Wie hast du die Entwicklung von Techno in Köln in diesen Jahren gesehen?
Dadurch, dass ich eben nicht nur DJ, sondern auch Journalist war und dass sich der Ruf unserer Partys auch relativ schnell in andere Städte übertragen hat, bin ich natürlich viel rumgekommen. Überall wurde Techno Anfang der 90er plötzlich ein Riesending, eine riesige Erfahrung, bei der jede und jeder mitmachen wollte. Das hat sich heute ziemlich abgeschliffen, finde ich. Vor allem in der ersten Hälfte der 90er fand ich es toll, wie sich in Deutschland sozusagen der Föderalismus manifestiert hat. Alle Städte – Berlin, Frankfurt, Köln, München, Hamburg, etwas später kamen auch Dresden, Leipzig usw. dazu – hatten ihren eigenen Sound. Ich halte zwar nichts von Nationalismus, aber mir gefällt die Idee von Regionalismus, dass in einer Gegend bestimmte Dinge entwickelt werden, die typisch für sie sind.
Köln war Bauhaus-Techno
Und das hat sich heute verändert?Das funktioniert heute nicht mehr so, weil nichts mehr Zeit hat, sich ungestört zu entwickeln, sondern weil jede neue Idee an einem Nachmittag bereits um die Welt gegangen ist. Das hat seine Vor- und Nachteile. Aber da es damals noch kein Internet und kein Smartphone gab, konnte sich zum Beispiel in Köln eine Art Soundästhetik entwickeln, die sich deutlich von der Berliner unterschieden hat. Berlin war harter, industrieller Bunker-Techno, Endzeit-Techno, Tanz auf dem Vulkan. In Köln war Bauhaus-Techno, klare Linien, minimales Design, überhaupt Design. In Frankfurt war bukolischer Feier-Techno angesagt. „Gude Laune“-Techno. In München war dekadenter Mode-Techno angesagt, aber überhaupt nicht negativ gemeint. So hat sich das überall ein bisschen ausdifferenziert. Sich gegenseitig zu besuchen und diese unterschiedlichen Spielarten zu erleben, war für mich sehr interessant.

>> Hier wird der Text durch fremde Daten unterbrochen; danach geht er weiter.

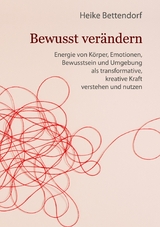 Bewusst ver&auml;ndern -  Heike Bettendorf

Wo siehst du heute den Techno heute?
Was mir an der ganzen Techno- und DJ-Kultur extrem gut gefallen hat, war die Ausrichtung der Tanzenden. Ich war es müde, vor Bühnen zu stehen und Bands anzusehen: Alle schauen in dieselbe Richtung. Das ist auch etwas, was ich an der heutigen DJ-Kultur sehr bedauere und wo es irgendwie in eine idiotische Richtung gegangen ist. Als ich DJ geworden bin, konnte man DJs nur in Clubs sehen und DJs im Club waren in der Ecke. Die Show waren die Leute und die Musik. Jetzt ist es so, dass Kids auf YouTube ohne Ende DJs sehen, wie sie vergöttert werden, wie sie in mitten von Pyrotechnik und weiß der Kuckuck was auf der Bühne stehen. Ich habe damals Jeff Mills im Tresor bei seinem ersten Deutschland-Gig gesehen. Also da hängt dir ja echt die Kinnlade runter, wenn du siehst, was der analog mit den Händen macht. Das ist echte Zauberei. Der kommt noch aus der Schule des „in der dunklen Ecke verborgenen“. Da zaubert er. Heute macht sich das alles wie von selbst. Es gibt überhaupt kein Risiko mehr. Es kann nichts passieren. Das Schwierigste ist heute die Musikauswahl. Aber im selben Maß, wie es sozusagen immer leichter geworden ist, ist es immer mehr ins Kameraobjektiv gerückt. Deswegen gibt es all diese oft traurigen Vidoes, wie sich alle an den Knöpfen festhalten, um irgendeine Art Aktivität vorzuspielen oder zu performen, wie sie da irgendwie herumtanzen. Das ist eigentlich alles so blöd. Ich fand es auch toll, dass das DJ-Sein eine super Sache für introvertierte Freaks war und ist. Das hat mir mal ein New Yorker Tänzer erklärt: Es gibt „Crazy Freaks“ und es gibt „Cool Freaks“. Ich bin eher ein „Cool Freak“. Ich will nicht im Rampenlicht stehen. Ich will die Strippen ziehen und die Puppen tanzen lassen, aber ich will nicht selber mein eigener „Gogo Boy“ sein. Und das ist irgendwie eine schräge Richtung gelaufen, finde ich.
Hans Nieswandt
Hans Nieswandt ist seit den 80er Jahren ein respektierter wie aktiver Charakter in der Welt der DJ- und Clubkultur, der elektronischen Musikproduktion und des Popjournalismus. Ausgedehnte DJ- und Vortragsreisen führten ihn rund um die Welt. Allein und im Team mit Whirlpool Productions erschienen bis heute sechs Alben und unzählige Remixe. Bei WDR einslive mixt Nieswandt seit Jahren jede Mittwochnacht eine eigene Radioshow. Bei KiWi Köln erschien nach plusminusacht – DJ Tage, DJ Nächte (2002) und Disko Ramallah – und andere merkwürdige Orte zum Plattenauflegen (2006) sein drittes Buch: DJ Dionysos – Geschichten aus der Diskowelt (2010).